FFI, safe vs unsafe

Simon Marlow simonmar at microsoft.com
Thu Mar 30 06:26:58 EST 2006

On 30 March 2006 11:42, John Meacham wrote:

> Although I was skeptical at the beginning that we could come up with a
> standard based on forkIO that could encompass both models without
> compromising performance or implementation flexability, I now think
> that we can! and that is good, because it means we won't need to make
> concurrency an addendum or just accept the fact that many
> haskell-prime implementations will be incomplete!

Which sounds like a win-win, but the concern Manuel rose earlier in this
thread still holds: namely that if we allow too much flexibility in the
standard, it becomes too hard to write portable applications.  Someone
coding for GHC will almost certainly not insert enough 'yield's to make
their program work properly on a cooperative implementation.  (hmm, I
wonder if GHC could be made to optionally behave like a cooperative
scheduler without too much effort.  That would help).

Still, I think this makes an interesting proposal.  Could you put it on
the wiki, perhaps replacing Proposal 3?

> A sticky point might be whether we say anything about duplicated work,
> however, the haskell report never really says anything about
> guarenteed sharing anyway so we can probably be silent on the matter.

Quite right, the standard doesn't need to mention this.

> we certainly shouldn't treat state-threads as second class or a
> "lesser" implementation of the standard though! they can often be
> faster than OS threads but with their own set of tradeoffs.
> glossary:
> OS threaded - ghc -threaded, context switching at arbitrary points,
> not necessarily under the control of the haskell runtime.
> state-threading - hugs,jhc context switching at block-points chosen
> by the implementation and user via yield.
> yhc is somewhere in between. basically state-threading, but with more
> context switching under the control of the yhc run-time.

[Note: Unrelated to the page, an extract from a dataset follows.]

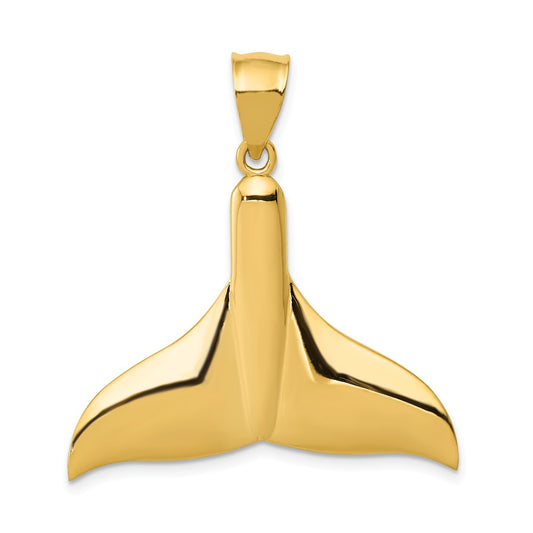 14K LARGE WHALE TAIL PENDANT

I'm not sure I'd separate YHC from GHC.  They both satisfy the fairness
properties we talked about earlier, and from a programmer's point of
view would be indistinguishable (to a very close approximation).  It's
very hard to write a program that can tell them apart.

I think if the standard were to go in this direction, then it would be
helpful to establish two versions of the fairness properties: the strong
version that includes GHC/YHC, and a weaker version that also admits
Hugs (eg. the progress guarantee you mentioned earlier).  An
implementation would be required to say which of these it satisfies.